__Exercise instructions__
For the lines from the one with "Валентина Кулагина-Клуцис. Плакат" to the end of the listing below, both ends included, give an exact copy and nothing more. Do not copy pictures.

__Input data__
————

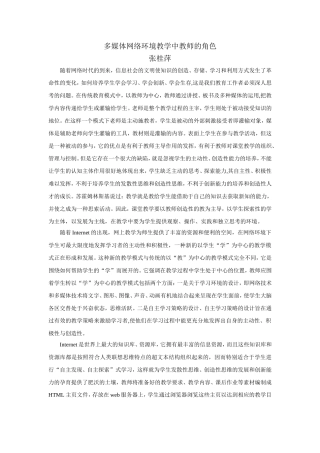 多媒体网络环境教学中教师的角色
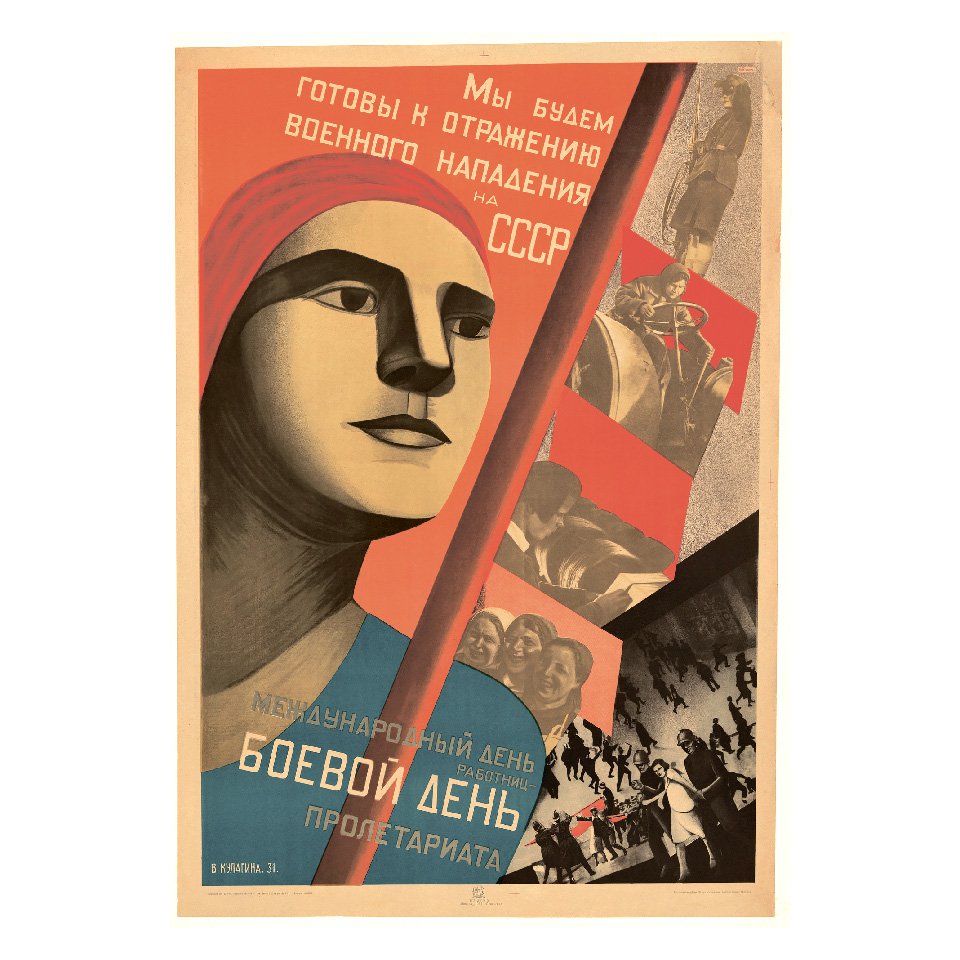 Валентина Кулагина-Клуцис. Плакат «Международный день работниц — боевой день пролетариата». 1931. Фото: МОМА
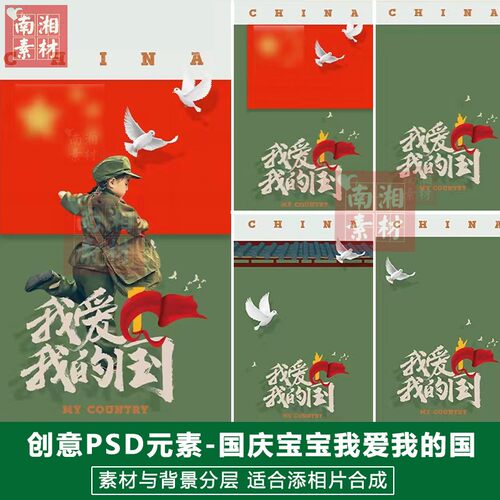 儿童影楼摄影后期PSD抠图国庆模板设计百天宝宝祖国花朵素材分层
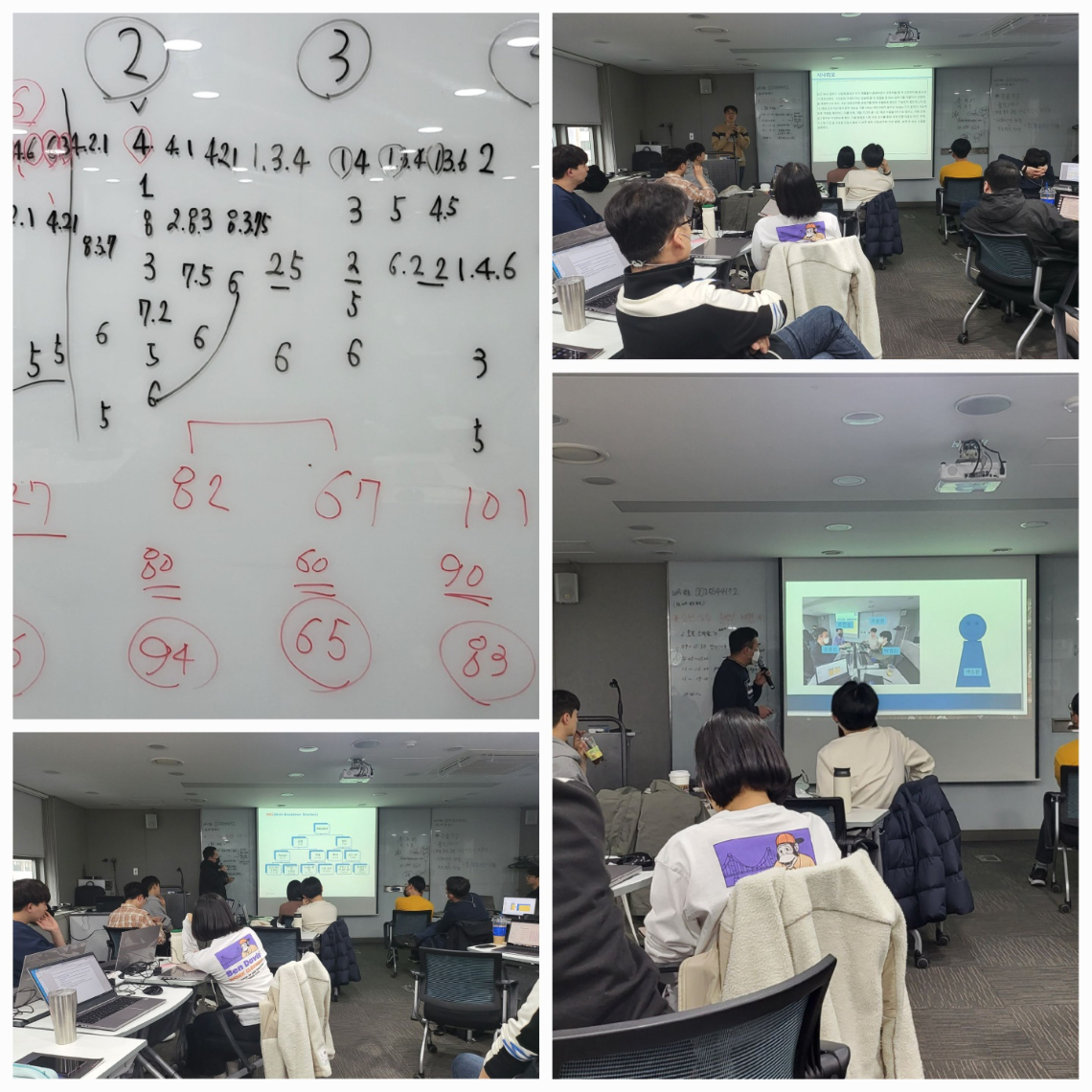 KakaoTalk_20231207_120138377_12.jpg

————

__Final answer__
 Валентина Кулагина-Клуцис. Плакат «Международный день работниц — боевой день пролетариата». 1931. Фото: МОМА
 儿童影楼摄影后期PSD抠图国庆模板设计百天宝宝祖国花朵素材分层
 KakaoTalk_20231207_120138377_12.jpg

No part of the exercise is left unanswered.